Pemahaman soal perbedaan atau keberagaman, lanjut Ma’roef, mestinya diselaraskan secara filosofis bahwa perbedaan bukan persoalan satu pihak benar dan yang lain salah. Perbedaan atau keberagaman adalah sesuatu yang alamiah dan harus sama-sama dipahami betul bahwa perbedaan itu sebagai kondisi yang biasa saja natural dalam masyarakat.
Di sisi lain, Ma’roef juga memperhatikan fenomena media sosial yang sangat bebas sekarang ini dan mampu mewarnai bahkan mempengaruhi setiap peristiwa di tengah masyarakat.
“Media sosial sudah menjadi instrumen publik dan instrumen negara untuk melakukan ‘engineering’ tujuan negara. Tujuan negara ini bersifat ideologis, regulatif dan seharusnya media sosial menjadi jembatan pada masyarakat untuk menciptakan suasana sesuai ideologi bangsa, dan konstitusi,” imbuhnya.
Ma’roef menegaskan, media sosial harus produktif bukan kontra produktif. Hal tersebut akan membantu upaya negara dalam menciptakan satu kondisi yang orientasinya kepada kesejahteraan masyarakat.

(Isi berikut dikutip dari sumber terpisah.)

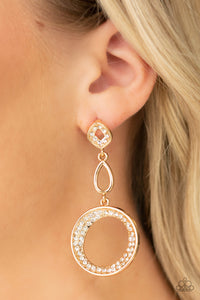 On The Glamour Scene Gold Earring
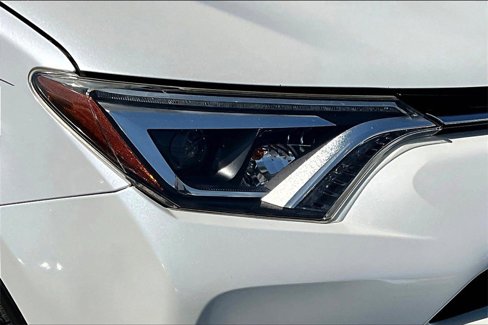 Used 2018 Toyota RAV4 Limited image 32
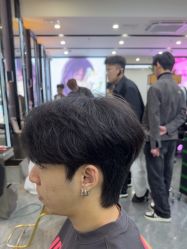 -藤野造型烫染·漂发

“Dampak jangka pendek dan jangka panjang media sosial bisa sangat luar biasa, sebab bisa mengganggu aktivitas secara nasional bila pemberitaan media sosial simpang siur dan membentuk pola pikir. Kalangan generasi muda adalah satu elemen bangsa yang sangat rentan terpengaruh dan akan berdampak pada perilaku mereka. Ini sangat disayangkan, media sosial jangan seperti itu, tapi di sisi lain media sosial akan berdampak positif, bila berkampanye positif pula untuk masyarakat,” terangnya.
Media sosial, lanjut Ma’roef, sekali lagi bisa menjadi kontra produktif manakala tidak dipergunakan dengan baik. Dan itu sangat disayangkan, di tengah upaya pembangunan negara dan dalam arti luas juga pembangunan karakter bangsa.

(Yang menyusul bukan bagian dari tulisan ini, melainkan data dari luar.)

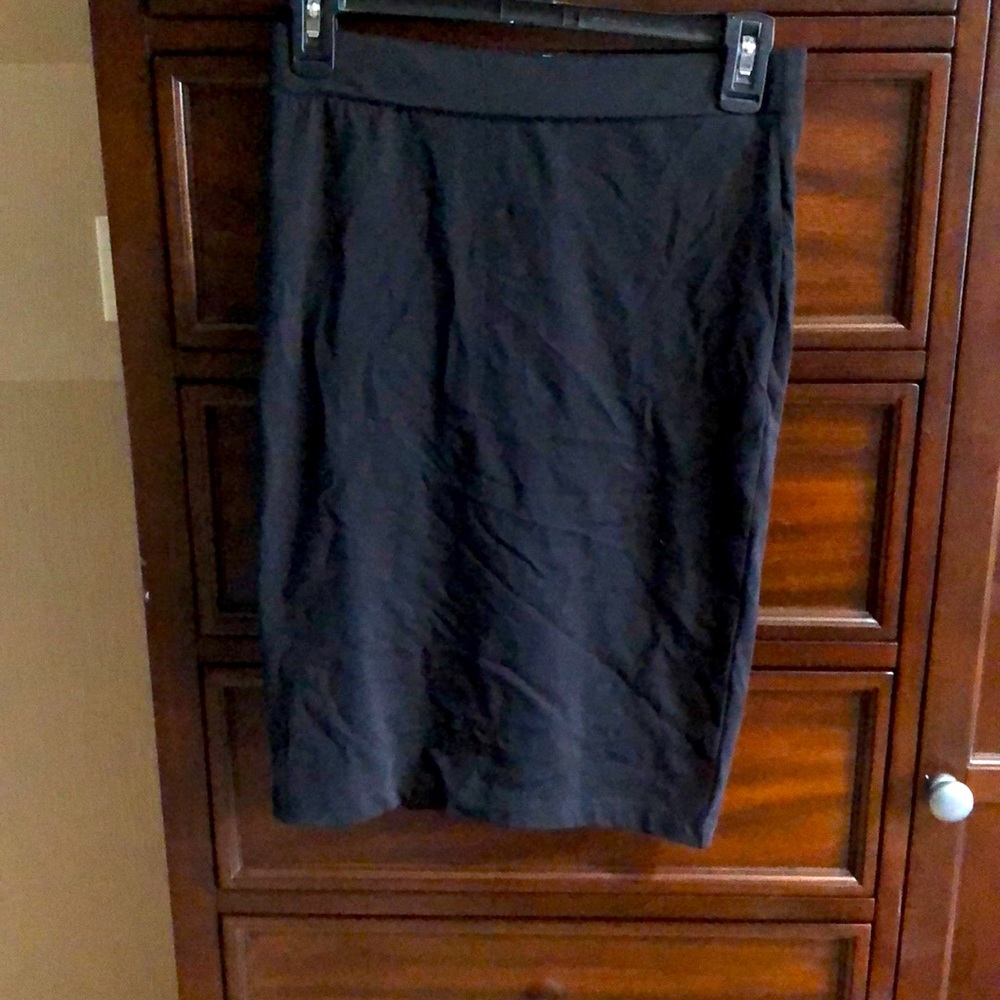 Black midi skirt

“Sehingga sudah saatnya ada instrumen untuk menjembatani dari negara kepada masyarakat yang harus dipayungi dengan kebijakan tepat sesuai kondisi masyarakat dan kondisi negara terus menerus. Ini cara merawat konstitusi kalau di MPR, kami sebut Empat Pilar,” katanya.
Dalam kesempatan tersebut, Ma’roef Cahyono juga membahas seputar UU ITE. UU ITE merupakan upaya positif dari pemerintah, tentang pembenahan teknologi, meskipun dalam perjalanannya beberapa elemen masyarakat masih melihat beberapa kendala atau kekurangan.
“Tapi, menurut saya dalam perjalanannya, bila ada yang kurang bisa diperbaiki. Sejauh ini baik-baik saja, contohnya untuk menjaring pelaku radikalisme sejauh ini terlihat efektif. Jika ada sistem, aturan dan lain-lain yang dirasa belum sempurna dan terkait kebutuhan masyarakat, harus berubah, dan disesuaikan,” tandasnya.